Only the lines below between the ones containing "7808 E Berkeley Road Denver NC 28037" and "KM8K2CAA5JU087685 2018 HYUNDAI", inclusive, are to be reproduced, each exactly as it stands.

**Source material**:
BEGIN
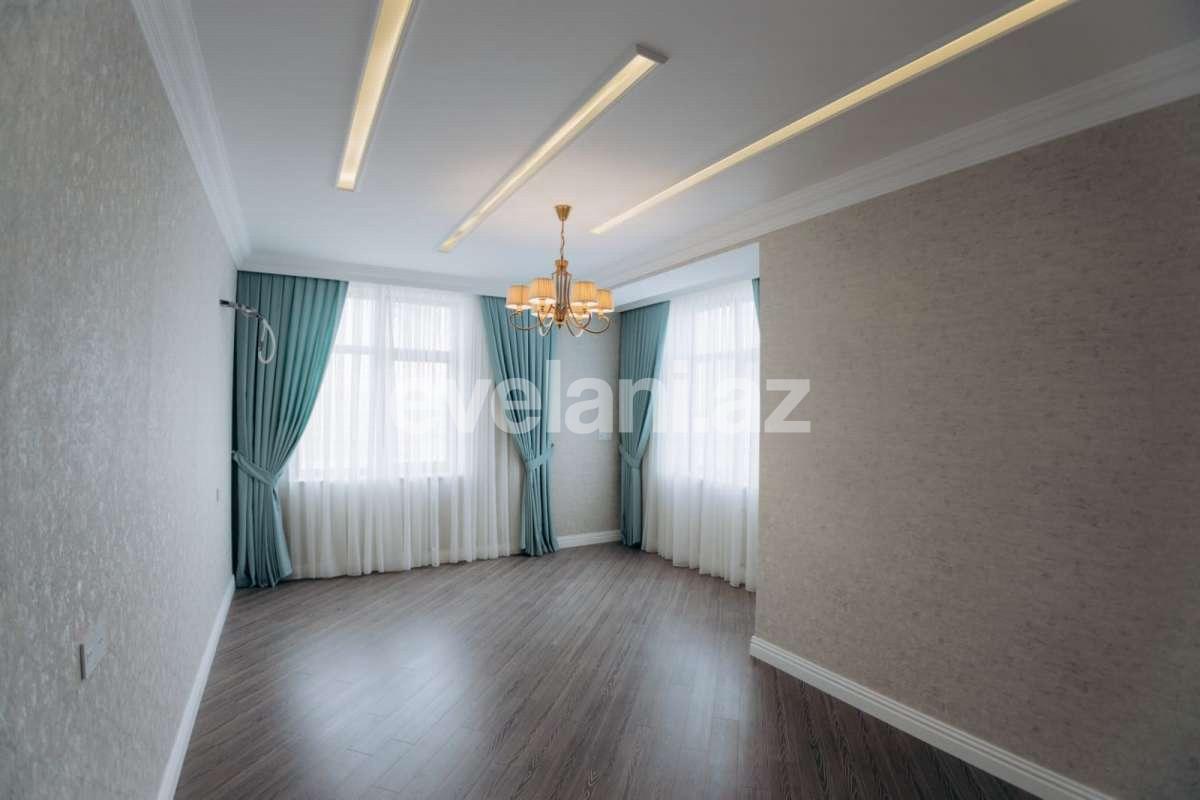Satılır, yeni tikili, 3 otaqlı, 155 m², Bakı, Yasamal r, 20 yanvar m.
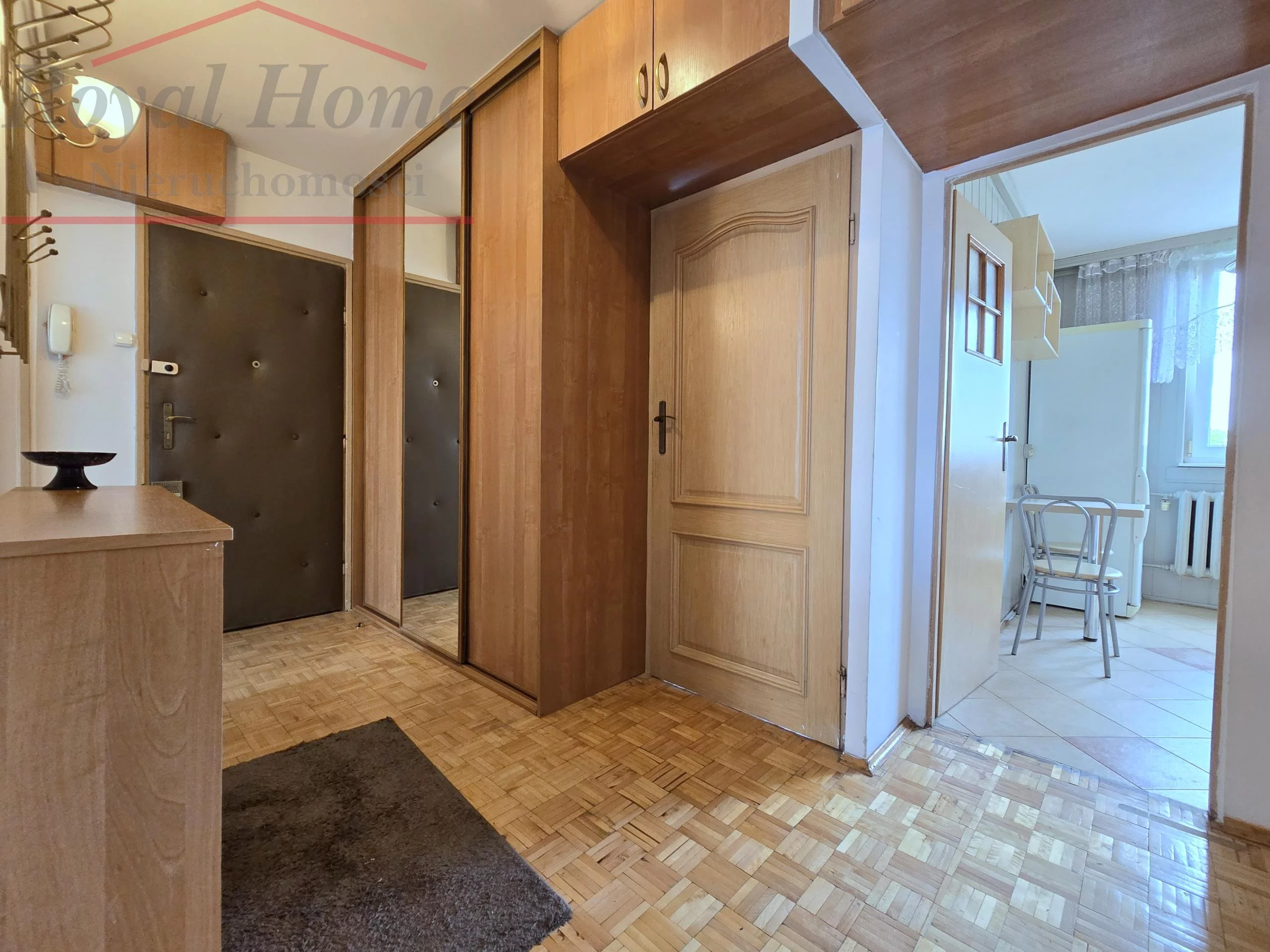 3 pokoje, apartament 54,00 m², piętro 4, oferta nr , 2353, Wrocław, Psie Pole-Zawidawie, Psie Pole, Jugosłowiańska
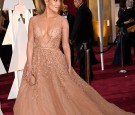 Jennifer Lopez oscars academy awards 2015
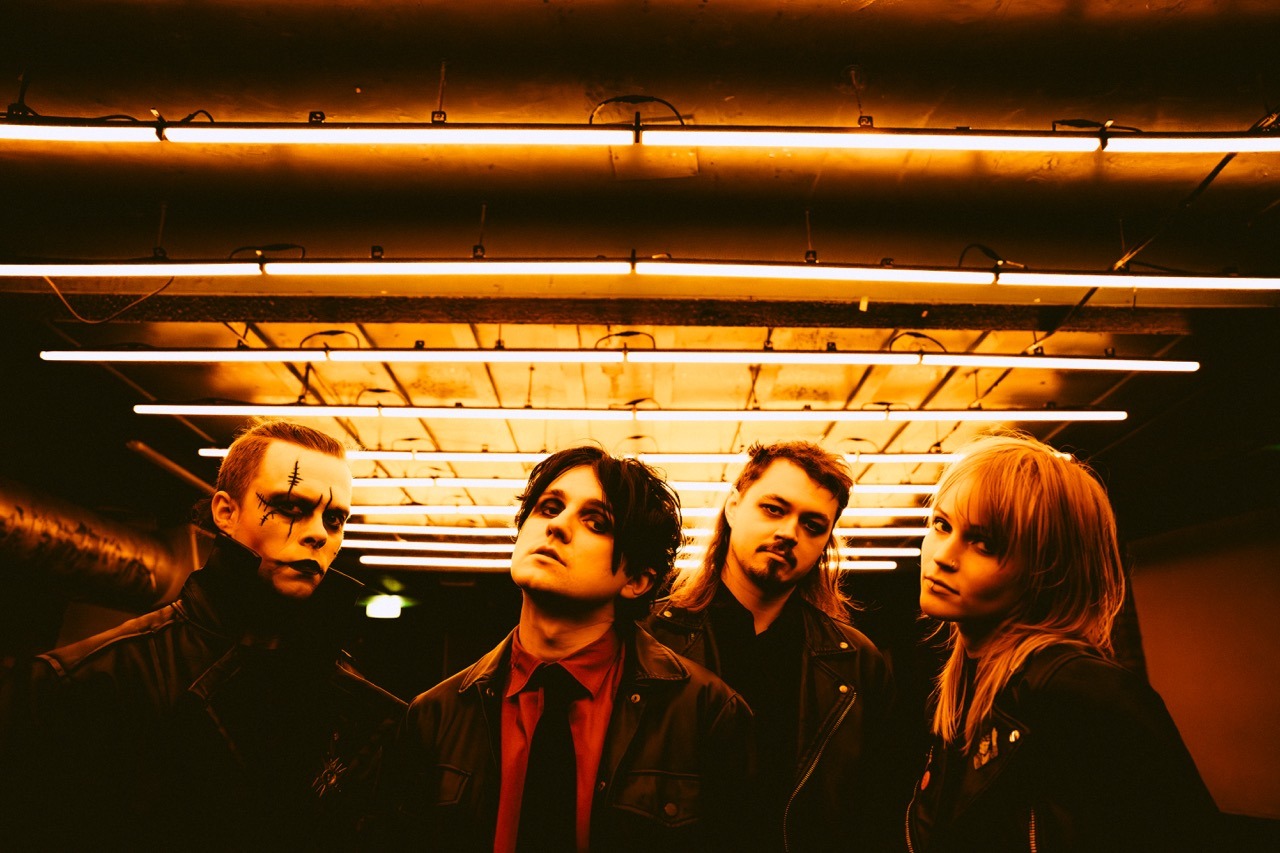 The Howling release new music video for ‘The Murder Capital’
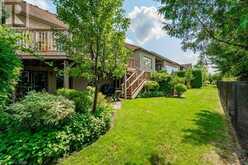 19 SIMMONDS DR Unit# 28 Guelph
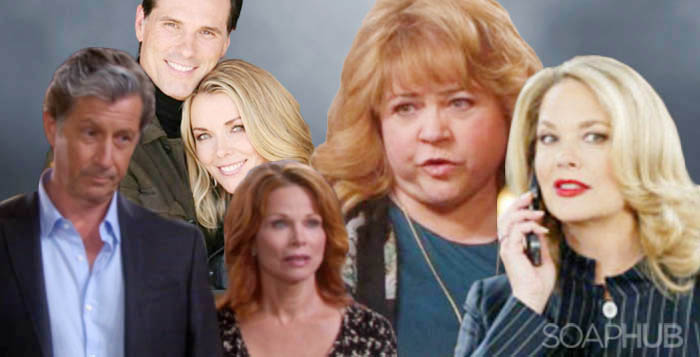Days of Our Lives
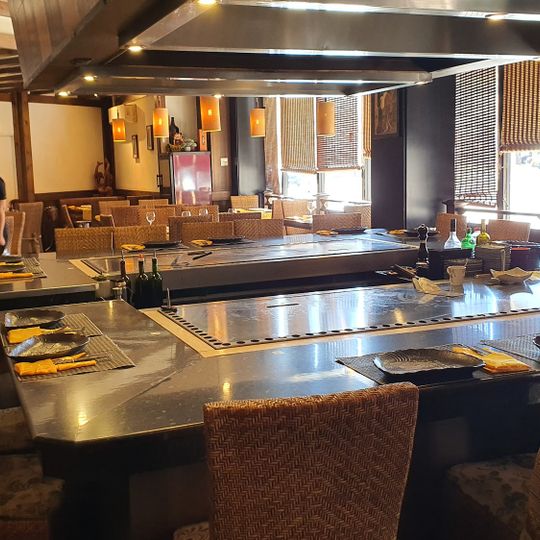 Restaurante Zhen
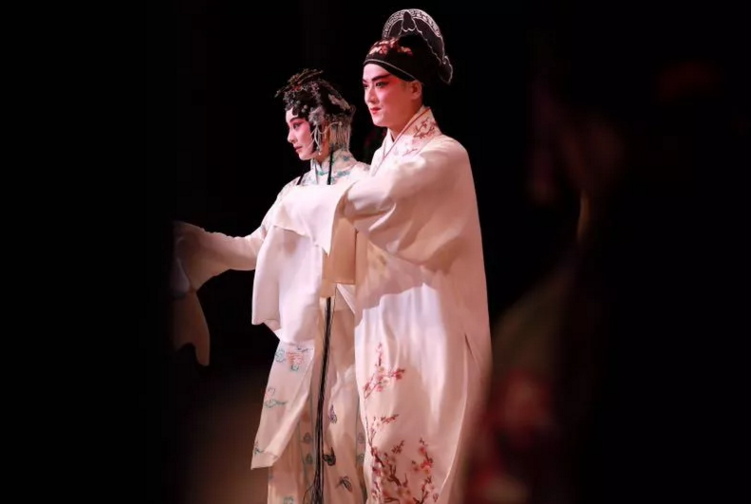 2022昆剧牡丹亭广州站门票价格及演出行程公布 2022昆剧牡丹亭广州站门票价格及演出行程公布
END
BEGIN
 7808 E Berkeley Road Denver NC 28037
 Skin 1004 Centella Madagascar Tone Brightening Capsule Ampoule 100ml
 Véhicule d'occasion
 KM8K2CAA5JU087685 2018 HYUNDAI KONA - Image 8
END
BEGIN
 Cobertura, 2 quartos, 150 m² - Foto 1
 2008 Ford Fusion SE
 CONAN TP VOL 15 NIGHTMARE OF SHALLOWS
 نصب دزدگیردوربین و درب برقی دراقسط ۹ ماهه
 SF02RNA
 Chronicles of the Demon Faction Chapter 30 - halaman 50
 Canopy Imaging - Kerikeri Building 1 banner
END
**Answer to this problem**:
 7808 E Berkeley Road Denver NC 28037
 Skin 1004 Centella Madagascar Tone Brightening Capsule Ampoule 100ml
 Véhicule d'occasion
 KM8K2CAA5JU087685 2018 HYUNDAI KONA - Image 8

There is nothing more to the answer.